This method is good, but it doesn't solve the hardest cases. One thing I'm going to try is to see if heating up the plastic in hot water is going to make things easier. Once separated, perhaps washing these black connectors can remove residues or filth that increase friction? –  Gruber Jun 17 at 13:52
    
Indeed, LEGO used to recommend building a tool with two axles, an angle element and two bushes for just this event. –  Zhaph - Ben Duguid Jun 17 at 14:49

I have resorted to brute force in the past. By which I mean destructive removal of the pins. I use a Dremel tool with a 2mm drill bit or 3mm router bit to carve away at the pin until it disintegrates.

The new style pins sell for about 0.3c each on Bricklink, so if you're assembling a model it makes sense to just buy a pile of new pins and and use those instead. I use the pins as "stuff" for my construction models to work with, so I bought 10,000 pins in one hit for about $50 including delivery. It's just not worth putting the old pins into newly assembled models when it's so cheap to avoid the problem.

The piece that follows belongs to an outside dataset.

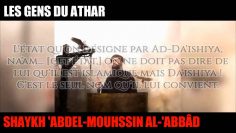 Létat quon désigne par Ad Daishiya – Sheikh Abd Al Mouhsin Al Abbad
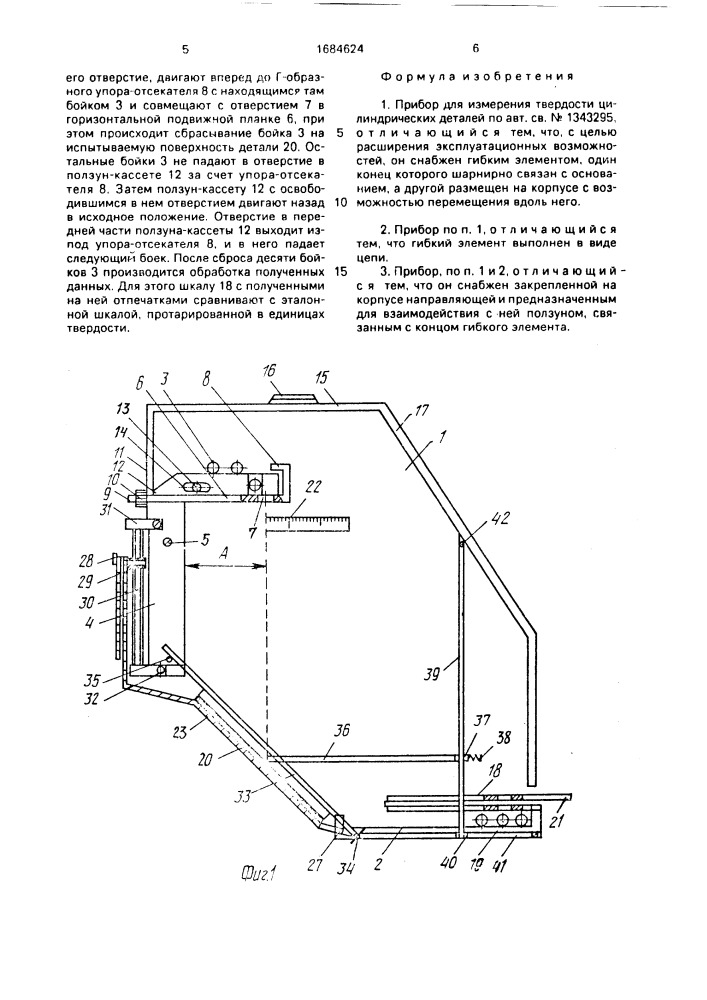 Прибор для измерения твердости цилиндрических деталей (патент 1684624)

To actually remove the pins when they are stuck I use the approaches other people have given. When they fail I use olive oil as a lubricant (soak Lego in oil, wait). That's much easier if you can keep the end you're going to be pulling on out of the oil. Then use the "jam a bar into the end" technique to lock the pin into another Lego beam and pull it out. Usually twisting is required.

But I have to admit that I don't bother any more. I pull models apart, and pins that I can't get out with my fingers I just drill out. If I really have to I'll buy more old-style pins on Bricklink, but I have enough friends who buy second hand Lego and hate those pins that my supply is adequate. And I'm happy to give away the new style pins in exchange. Again, they cost me 0.5c/pin...

The old pins are brilliant if you're exhibiting a model and it has parts that tend to fall apart. Use the "stuck forever" pins and things don't fall off nearly as easily. It's legal, so you can still put the "Model is 100% unmodified Lego" sign on it whereas if you use glue you can't do that.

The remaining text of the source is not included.